Zaniolo sembra sottotono nelle ultime apparizioni con la Roma, le cause di questo calo di rendimento potrebbero essere non solo fisiche.
Zaniolo, da idolo a zavorra. La metamorfosi del talento di massa nel giro di pochi anni, all’ombra del Colosseo, è palpabile: tanto cuore, piedi buoni, qualche incidente di percorso (due infortuni per altrettante riabilitazioni), ma non basta. Il numero 22 giallorosso tradisce le aspettative: lo scorso anno ha giocato poco segnando il gol che ha portato a Roma la Conference League.
Suo il sigillo contro il Feyenoord nella finale di Tirana. Sembrava l’inizio di una rinascita, invece il secondo anno con Mourinho è partito male ed evoluto peggio: contro Milan e Genoa due partite fotocopia. Non all’altezza dei suoi standard: nervoso, statico, asfittico, fuori dal gioco giallorosso. In attacco qualche problema di troppo per i giallorossi, uno sicuramente è come usare Nicolò Zaniolo.
Domande che Mourinho si pone continuamente, nel frattempo chiede alla piazza di non fischiarlo: richiesta ignorata, i motivi sono anche legati a un rinnovo che non arriva in cui premono più le pretese che l’ambizione. Tutto questo, sommato all’incertezza tattica, fa una stagione a metà. L’unica variabile a favore di Zaniolo è il tempo che deve, però, essere speso bene. Senza ripensamenti e con le idee chiare: se il problema non fosse solo di testa, ma tattico allora i punti su cui agire sarebbero diversi. Ci sarebbe anche più margine di riflessione.

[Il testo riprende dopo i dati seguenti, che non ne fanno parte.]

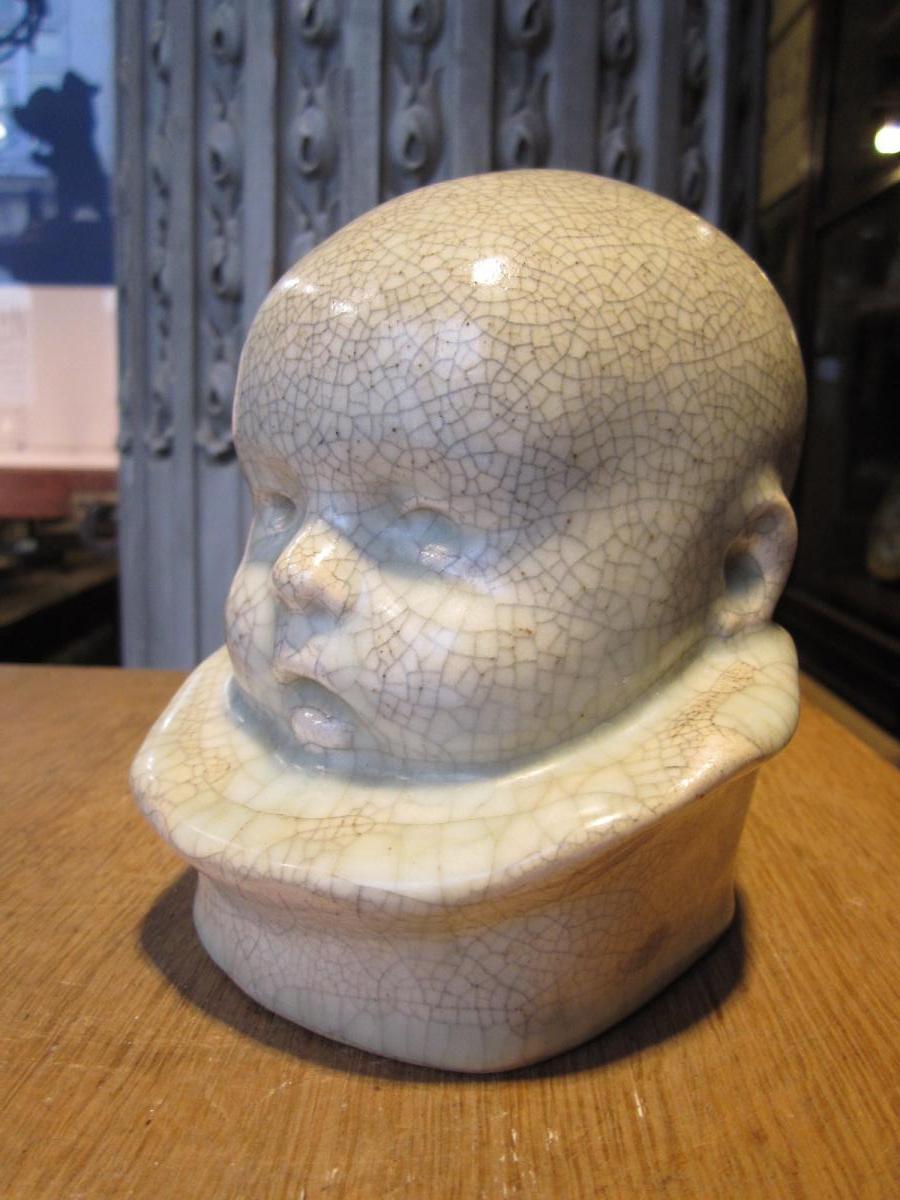 Enameled White Ceramic Baby Head, Signed Under Base Berthe -savigny (1882-1958)-photo-3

Zaniolo – e questa è una certezza – dopo gli infortuni è cambiato notevolmente sul piano fisico: tanti i chili presi e non per mettere adipe. Tutta massa, troppa. Muscoli a non finire: gambe che sembrano i vagoni di una locomotiva. Restando in tema di treni, forse Zaniolo potrebbe fare proprio questo: il treno giallorosso. Non ai livelli di “pendolino” Cafù – la sua area era la difesa – ma quasi. L’idea è simile. Il punto di partenza è sfruttare la sua arma in più: le sgroppate palla al piede per poi depositare l’assist vincente o cercare di accentrarsi. Stando in attacco, anche come trequartista dietro Abraham – con Pellegrini a supporto – non sempre gli è concesso: deve girarsi e trovare lo spazio non è semplice.
Per questo, spesso, risulta prevedibile. Investe tanta energia, ma diventa uno spreco anziché un valore aggiunto. Perennemente ingabbiato quando potrebbe sfogare la propria potenza di gamba facendo un semplice cambio di zona con El Shaarawy: l’esterno di centrocampo diventa il numero 22, mentre il 92 passa in attacco. L’esterno offensivo gli riesce bene, le tante soddisfazioni che il ruolo gli ha dato nell’era Spalletti e prima ancora al Milan lo confermano. Il futuro della Roma potrebbe risiedere in un semplice switch per evitare che i cambi poi li faccia il mercato.